# Exercise aim
In the material below, find the span from the line with "The designs of" to the line with "Three different cocktails" and transcribe only those lines, exactly, ends included, without the pictures.

# Source material
=======

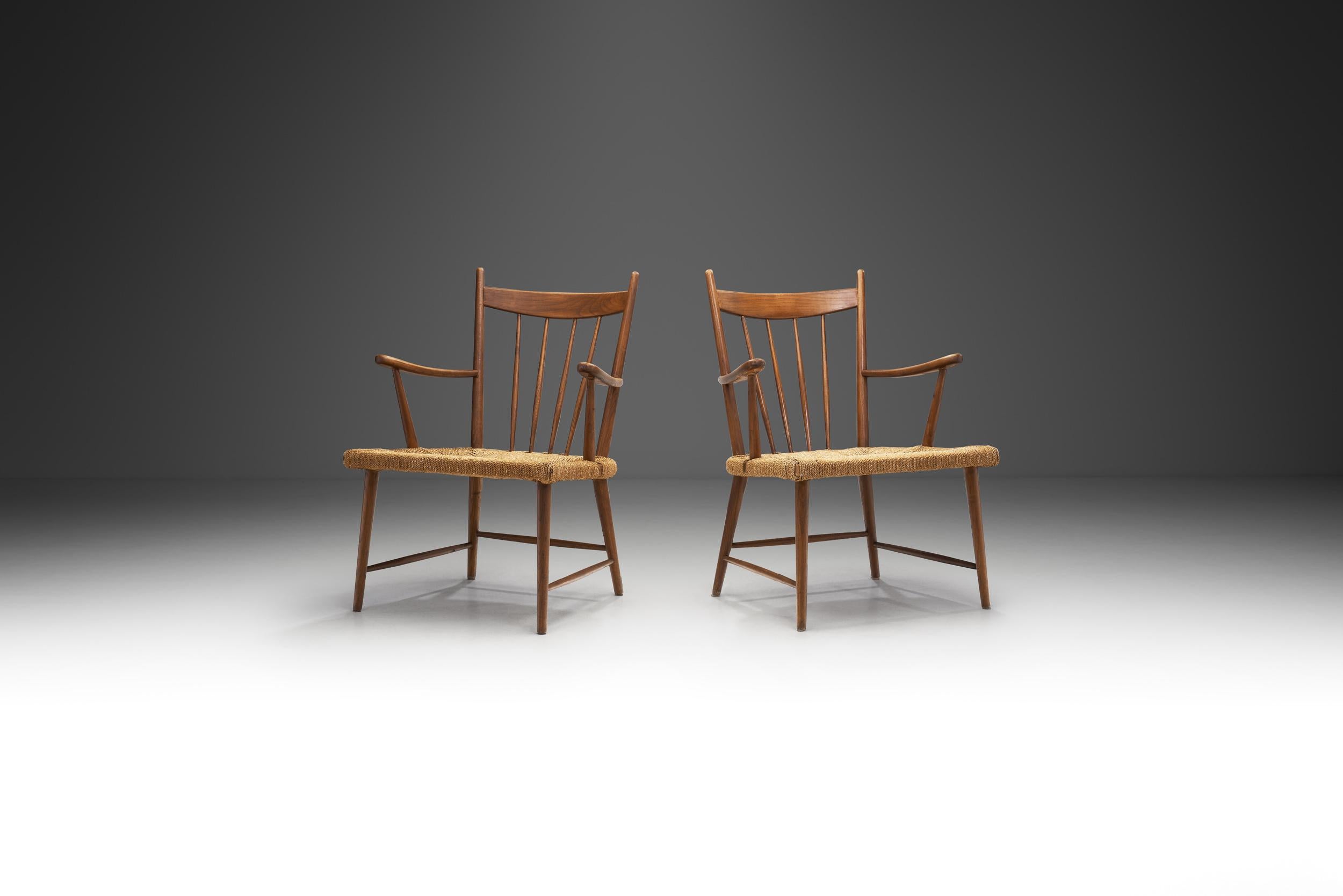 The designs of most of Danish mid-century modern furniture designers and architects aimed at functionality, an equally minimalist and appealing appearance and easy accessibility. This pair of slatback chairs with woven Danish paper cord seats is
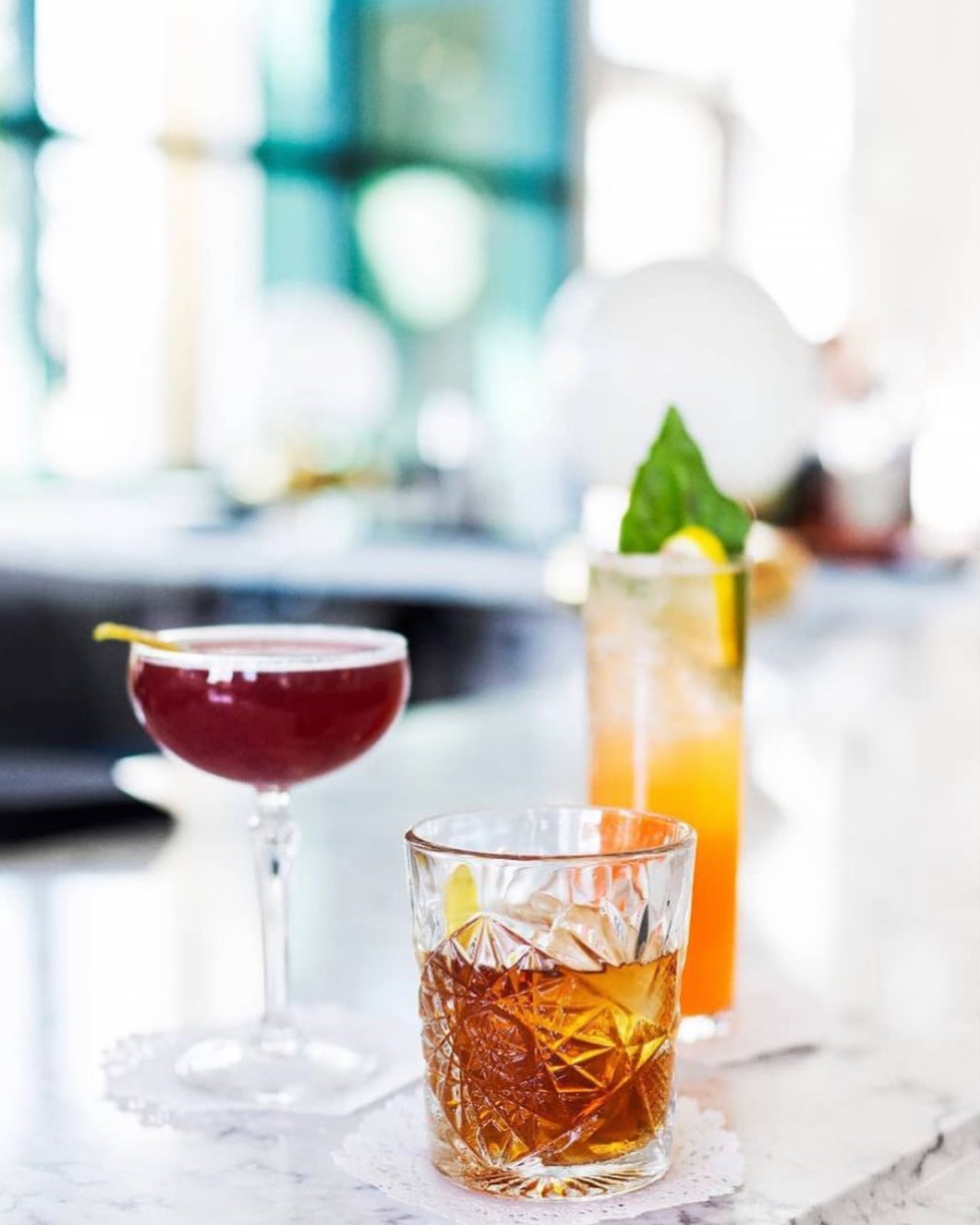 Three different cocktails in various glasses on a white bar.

=======

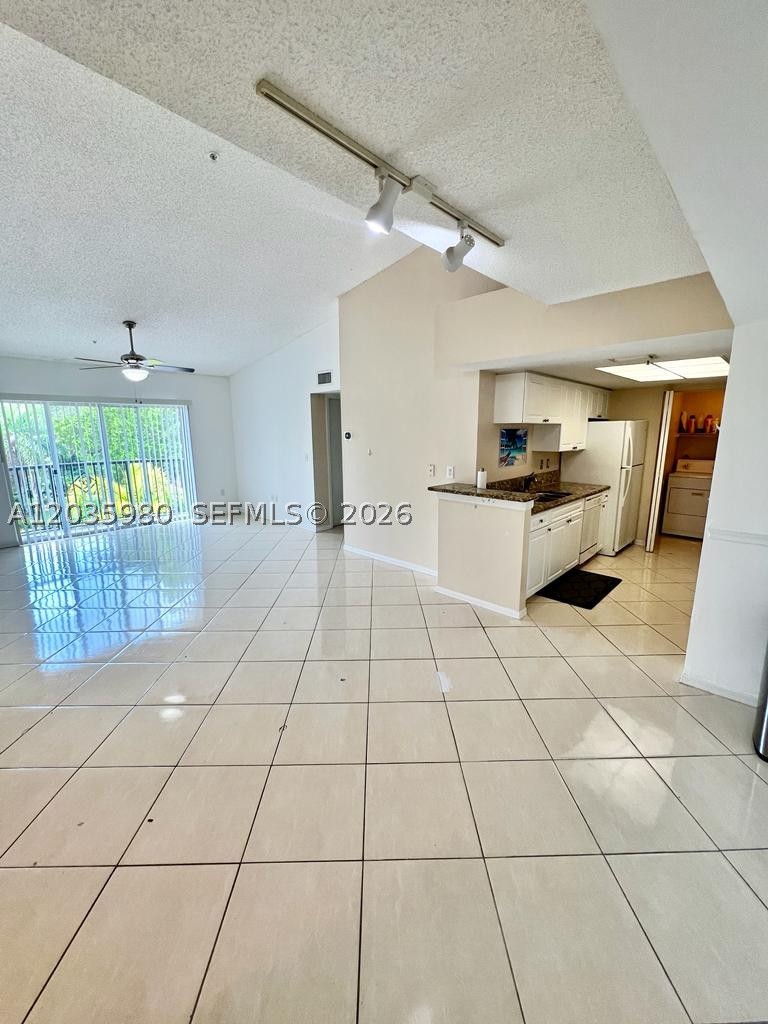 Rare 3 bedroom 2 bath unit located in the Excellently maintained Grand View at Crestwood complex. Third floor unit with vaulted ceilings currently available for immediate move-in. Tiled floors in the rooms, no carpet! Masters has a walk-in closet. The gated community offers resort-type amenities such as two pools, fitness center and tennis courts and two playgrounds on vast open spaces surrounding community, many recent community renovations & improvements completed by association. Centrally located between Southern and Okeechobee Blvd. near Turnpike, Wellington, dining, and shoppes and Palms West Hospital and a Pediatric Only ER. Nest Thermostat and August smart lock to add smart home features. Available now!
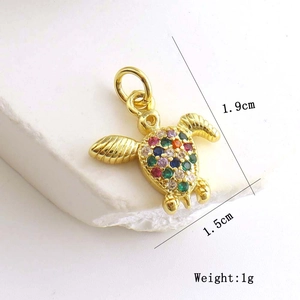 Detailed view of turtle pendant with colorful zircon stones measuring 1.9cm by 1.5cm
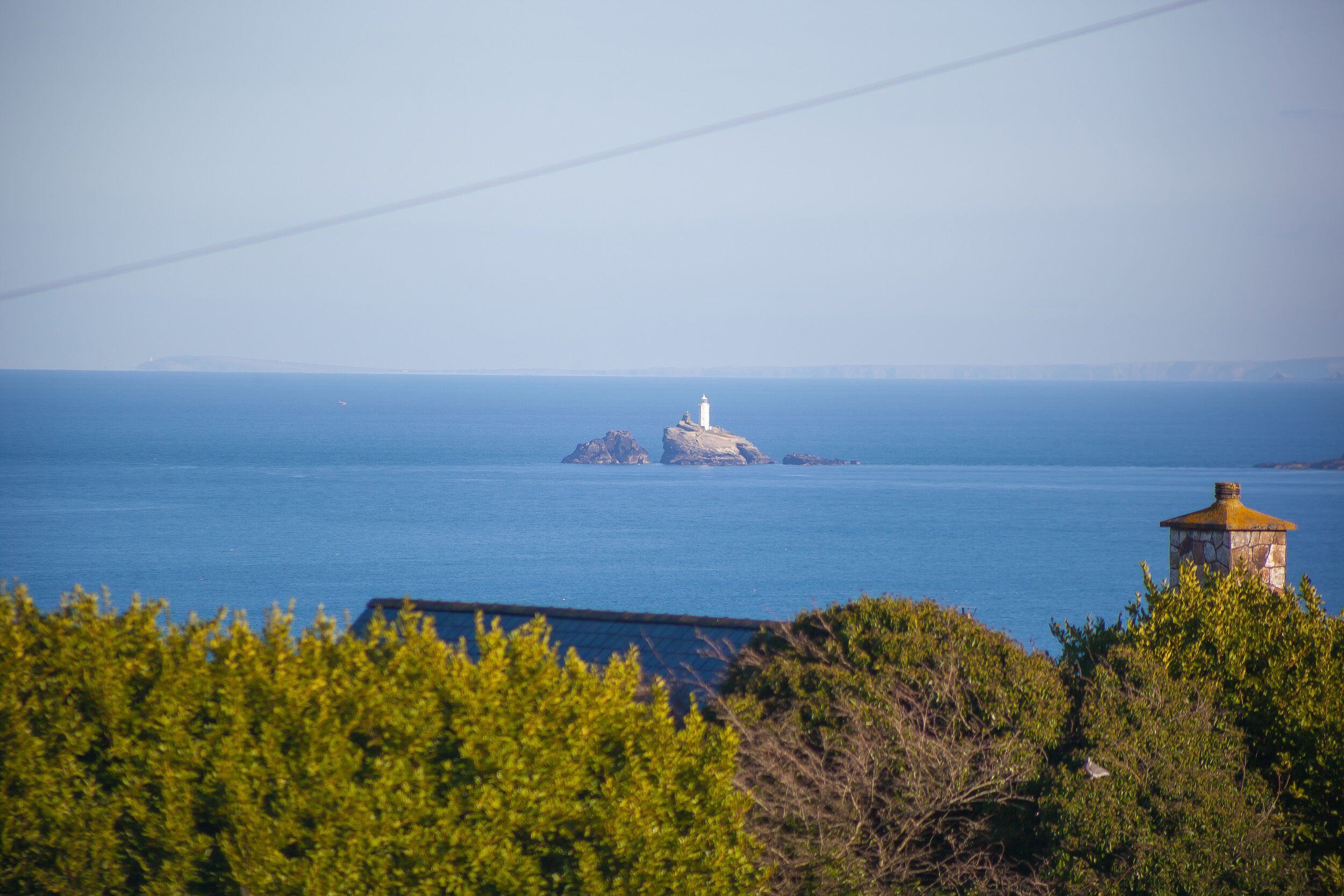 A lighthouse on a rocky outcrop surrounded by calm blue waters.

=======

# Result for this task
 The designs of most of Danish mid-century modern furniture designers and architects aimed at functionality, an equally minimalist and appealing appearance and easy accessibility. This pair of slatback chairs with woven Danish paper cord seats is
 Three different cocktails in various glasses on a white bar.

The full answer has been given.